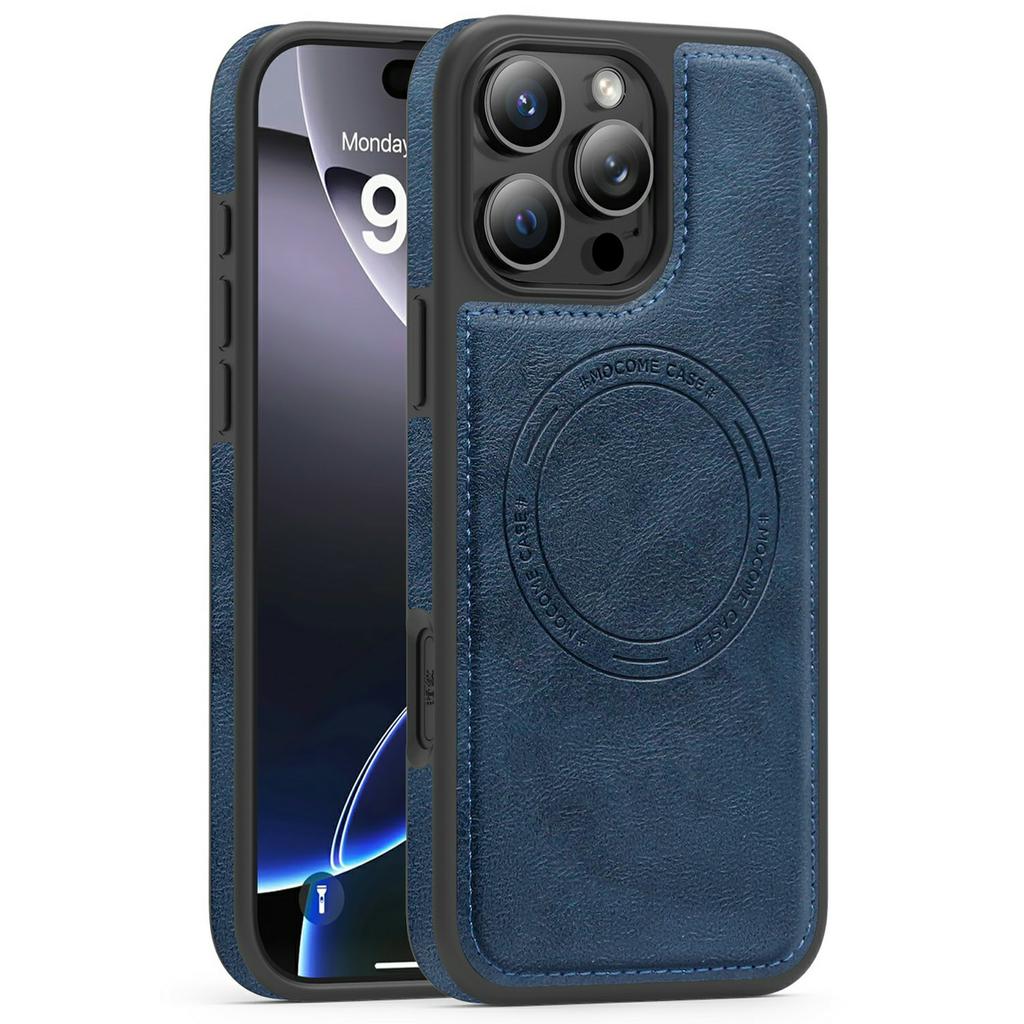 For iPhone 16 Pro Max Case Compatible with MagSafe Leather Back Phone Cover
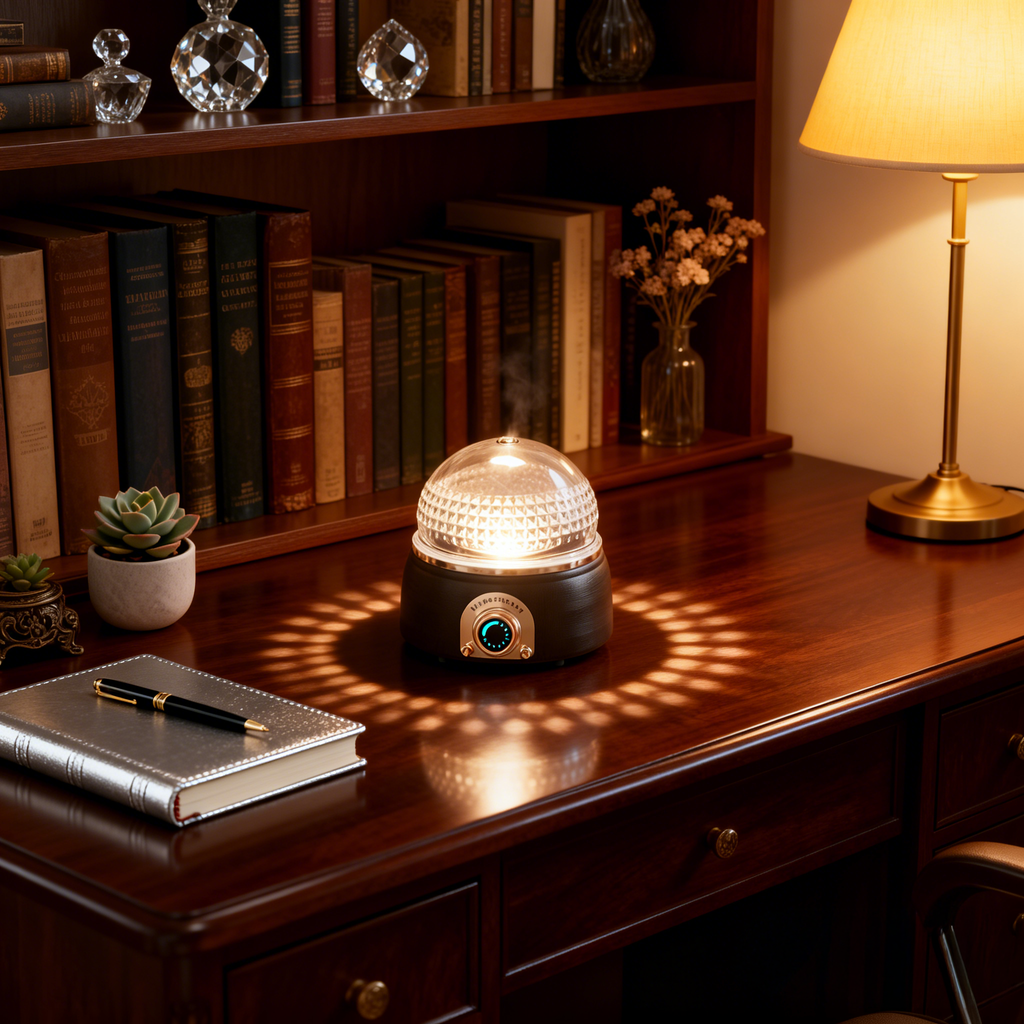 Crystal Ball Aroma Diffuser - Real Wood & Glass with Vintage Knob Control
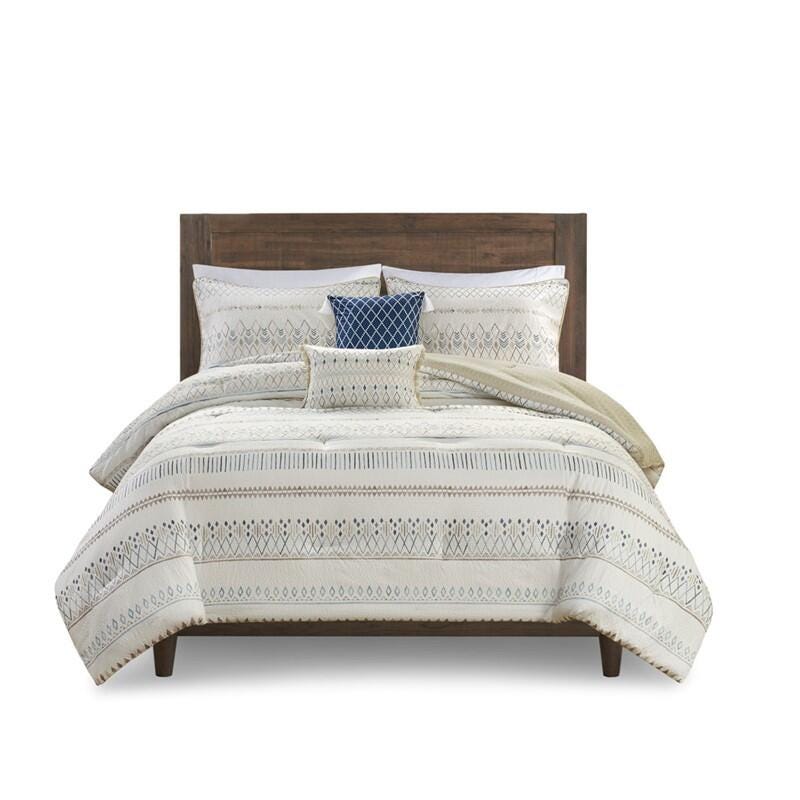 Madison Park Fraser 4-Piece King/California King Comforter Set, Taupe/Blue, rollover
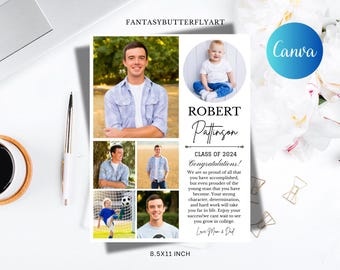 Editable Yearbook Ad Template, Full Page Half Page Quarter Page Senior Yearbook Ads, Edit in Canva, Instant Download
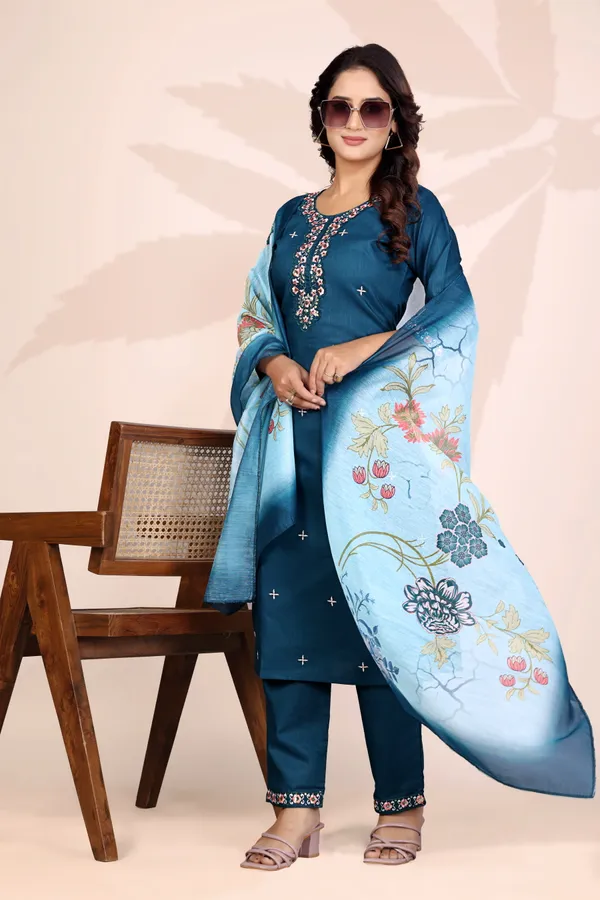 Blue_Rayon_Embroidered_Kurta_Set_With_Dupatta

= = = =

In the entries above, find the line containing "Crystal Ball Aroma"; transcribe exactly that line and every line after it through the end, and only those, omitting pictures.

 Crystal Ball Aroma Diffuser - Real Wood & Glass with Vintage Knob Control
 Madison Park Fraser 4-Piece King/California King Comforter Set, Taupe/Blue, rollover
 Editable Yearbook Ad Template, Full Page Half Page Quarter Page Senior Yearbook Ads, Edit in Canva, Instant Download
 Blue_Rayon_Embroidered_Kurta_Set_With_Dupatta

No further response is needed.